In a loss system, the call is typically offered to an alternative trunk group or a different cell or sector. In a queued system, the call is queued and might later receive service from the element.

Therefore, care must be taken when the association between grade of service and subscriber-visible effects of congestion are made.

Offered traffic

The first step in calculating grade of service is to estimate the traffic that is offered to a resource. The offered traffic can be thought of as the traffic that would be carried if the resource had unlimited capacity. In general, the offered traffic cannot be measured directly because one of the following points is true:

• The number of bids for a resource is not known, such as an incoming circuit group.
• If the bids are known, only the traffic that might result from them can be estimated. For example, a measure of offered traffic might be obtained from bid and mean holding time data.

For a loss system, it is usual to estimate the offered traffic that uses the Erlang B function to calculate the lost traffic and thus the offered traffic. The algorithm uses an iterative approach to solve the equations.

For a queued system, the traffic that is offered is considered identical to the traffic carried. As the model assumes that an infinite queue is available, all traffic that is offered is ultimately carried, though perhaps after a significant delay. If the measurement period is long relative to the average holding time, this assumption is reasonable for the purposes of the model.

The toff function is provided for Erlang B that is passed the number of circuits and the measured carried traffic. The function returns the offered traffic. For example,

toff( 10, 4.3, "B" ) returns the offered traffic when 4.3 Erlangs is carried on 10 circuits.

Blocking probability

The grade of service, or blocking probability, is calculated that uses the gos function for Erlang B and C. This function is passed the number of available circuits and the offered traffic. For example,

gos({Neutral.TCH.defined_ch},{Neutral.TCH.offered_b},"B")

The function returns the grade of service that is expressed as a probability 0 - 1. For example, a value of 0.008 implies a blocking probability of 8 in 1000.

Capacity calculations

The theoretical maximum capacity of a resource is equal to the number of circuits available on the resource.
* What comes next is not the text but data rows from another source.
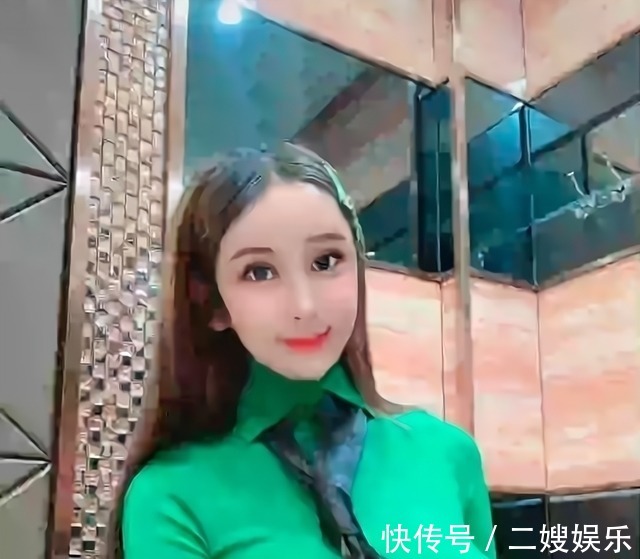 东北女孩 8年的整形手术花费了100多万,光额头就打了200多支玻尿酸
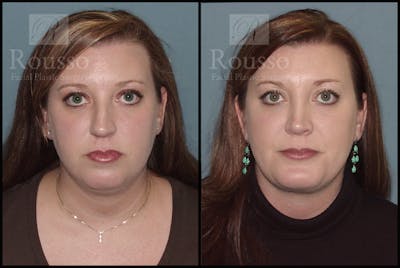 Facial Implants Before & After Gallery - Patient 2128758 - Image 2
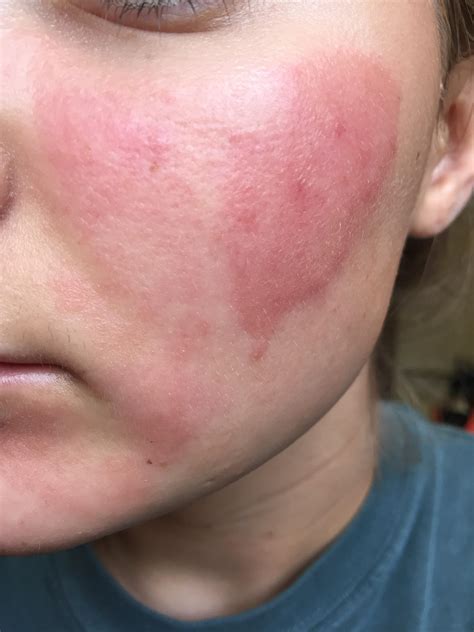 Burning Bumpy Rash Or Maybe Burn Picture Over The Counter Acne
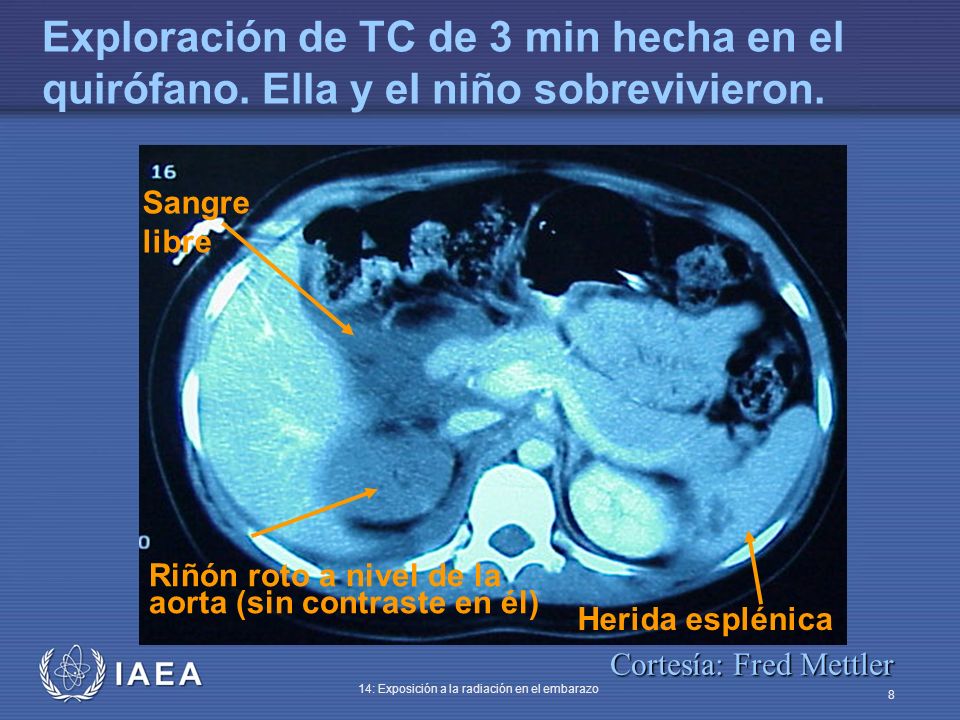 Exploración de TC de 3 min hecha en el quirófano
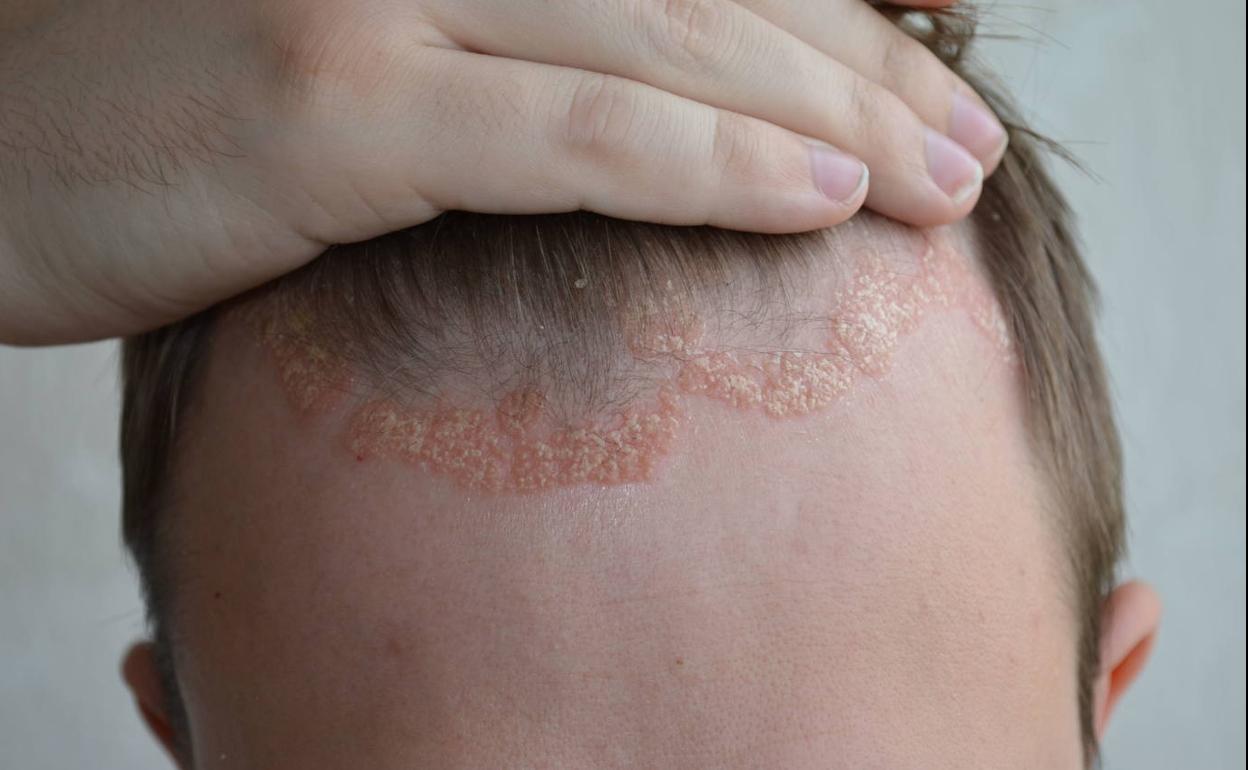 Un hombre afectado por psoriasis en una foto de archivo.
For example, a circuit group of 60 circuits can potentially carry 60 Erlangs if all circuits are busy. However, it is clear that in such a situation the amount of blocking is high. Any traffic that is offered to the circuit group might have a probability of 1 of meeting a block condition.

Therefore, it is normal to define capacity in terms of that level of offered traffic that results in a grade of service equal to the design grade of service. It is known as the nominal capacity.
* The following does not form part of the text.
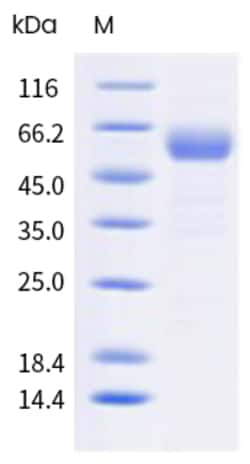Sino Biological Human TACSTD2 Protein 100ug (Sino Biological), Quantity:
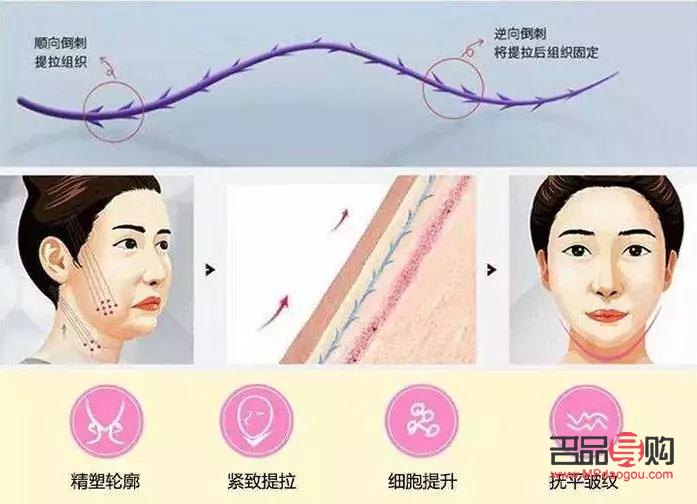 线雕美容安全吗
The nominal capacity of a resource is the traffic level at which the grade of service is equal to some predefined value. It is known as the critical traffic level.

Critical traffic

Typical values for the design grade of service are around 0.008.
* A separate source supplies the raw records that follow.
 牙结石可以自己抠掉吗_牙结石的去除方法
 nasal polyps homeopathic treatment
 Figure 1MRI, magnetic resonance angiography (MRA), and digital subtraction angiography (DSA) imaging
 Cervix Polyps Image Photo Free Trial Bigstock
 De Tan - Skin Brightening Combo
The critical traffic level for a resource can be calculated with the crit function for Erlang B and C. This function is passed the number of available circuits and the design grade of service that is expressed as a probability.

For example, crit([Cell]![{Neutral.TCH.available_ch}] , .02, "B") returns the critical traffic, which might be carried based on a GOS of 0.2. If the number of circuits is negative, a value of 0 is used.

TC4 full availability

Using critical traffic to define capacity essentially defines a grade of service at a nominal load. Other measures of capacity also attempt to define levels of service at varying degrees of overload.

The TC4 traffic level is defined as that level of offered traffic that provides a grade of service of:

• 0.008 at nominal load
• 0.02 at 10% overload
• 0.05 at 20% overload

The TC4 capacity tends to be less than the critical traffic after approximately 30 circuits, as the second and third criteria start to limit the value as the number of circuits increase.

TC4(3, "B" )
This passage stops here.